My Swedish friend Sara emailed me to express her shock and horror at the murderous assault made on teachers and students at a school north of Gothenburg, not far from where she lives. It had only just been reported in the morning news. It looks like the work of yet another right wing extremist, and not a deranged would be jihadi. Whatever next? in a world so tolerant of violent fantasy that it's become part of popular entertainment in such an unprecedented way.

After lunch I went out shopping for an all-in-one printer/scanner, not for home or office use, but for the Alcohol Treatment Centre, which makes good use of one of the RadioNet pro bono issues. A.T.C. is a great health care initiative which cares for drunken revellers from the city night time economy in situ, and minimises the number of A&E admissions at the already hard pressed Heath Hospital every weekend and festive occasion of the year. Its funding is being reduced, and offering a necessary piece of equipment is something well within our remit that we can do.
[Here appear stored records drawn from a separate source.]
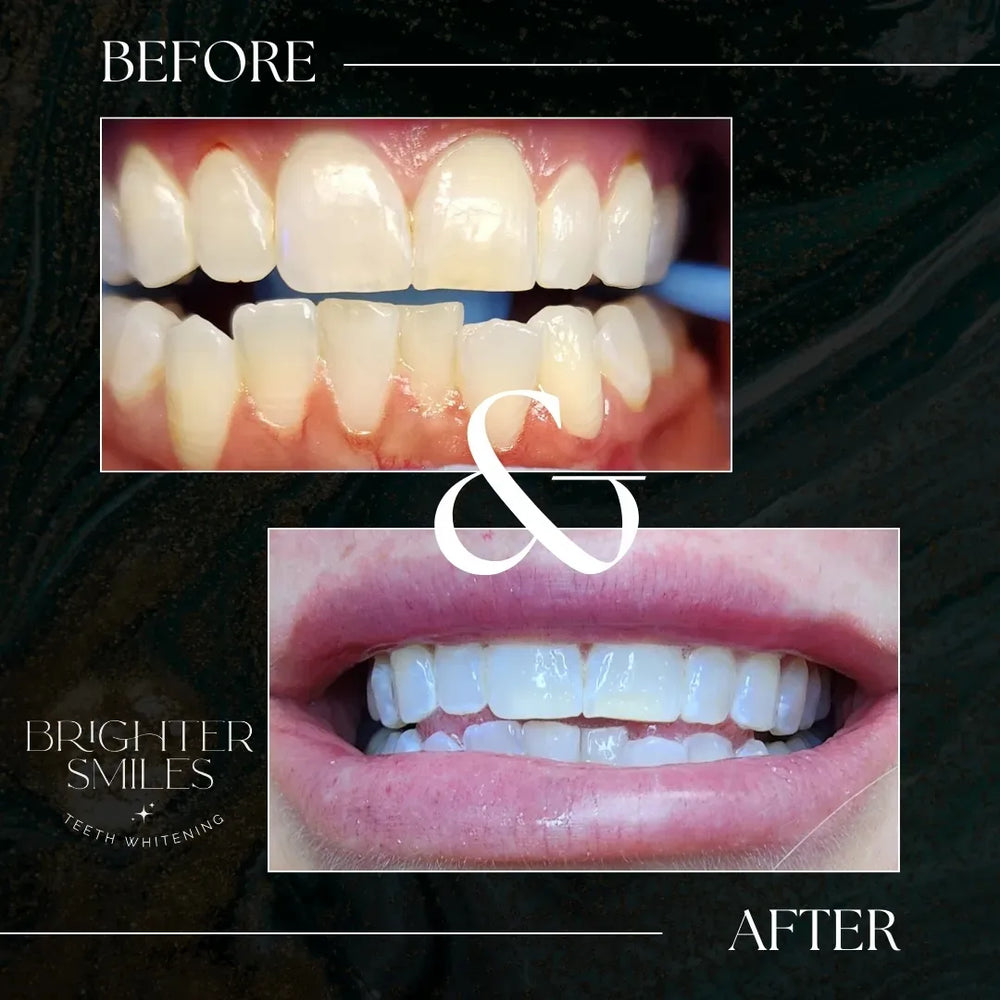 Before and after teeth whitening comparison with 'Brighter Smiles' branding.
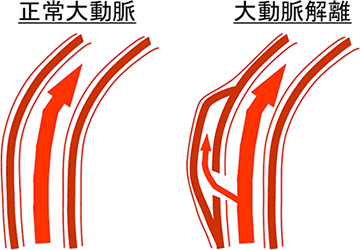 正常大動脈と大動脈解離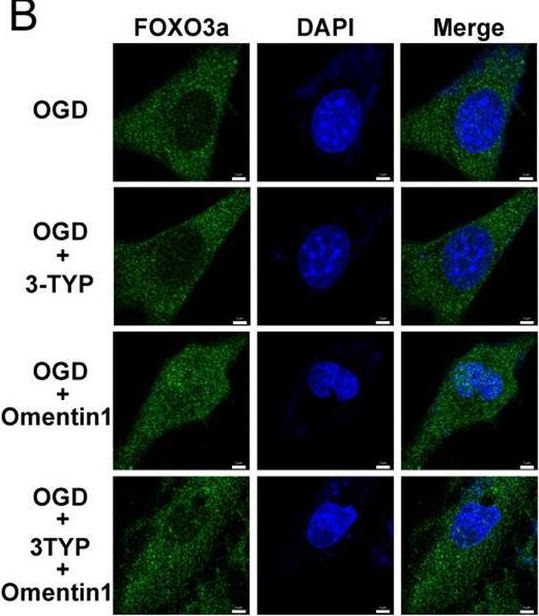 Fig.6.B showing Immunocytochemistry-immunofluorescence from the publication: Omentin1 ameliorates myocardial ischemia-induced heart failure via SIRT3/FOXO3a-dependent mitochondrial dynamical homeostasis and mitophagy.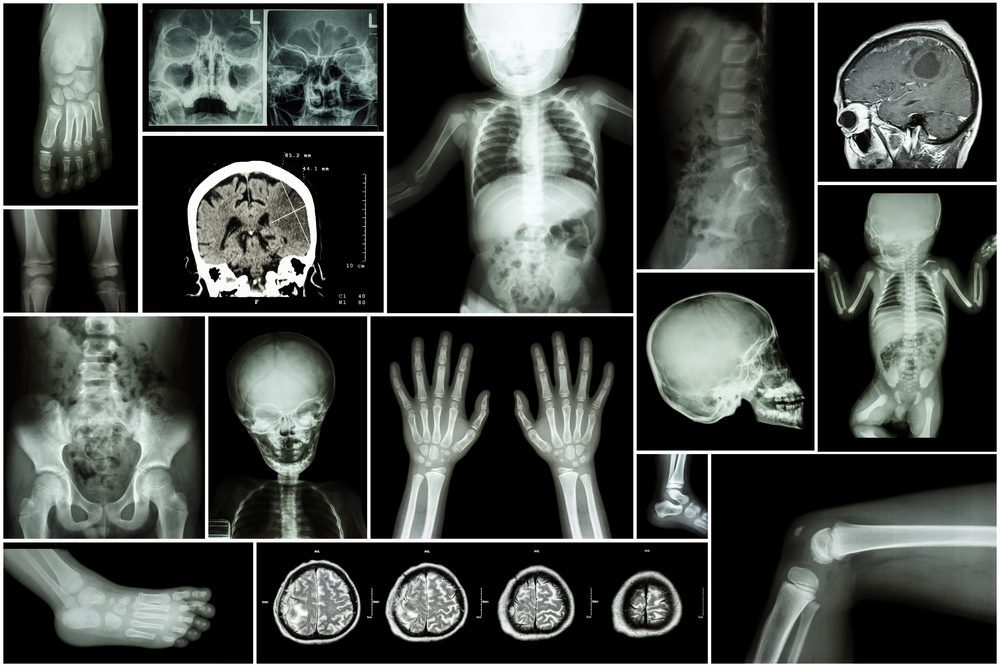 Brittle Bone Disease : Overview, Causes, Symptoms, Treatment - illness.com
Finding the right piece of kit was less easy than I thought. A hard wired network monochrome lazer printer was needed for cost effectiveness. Almost every lazer printer on offer in Staples and PC World had wifi and colour print but no network port. In the end, I found just what I needed among the end of line bargains, and returned triumphantly to the office to deliver it. Then home for supper and another night avoiding work (namely filling in my tax return) in front of the telly.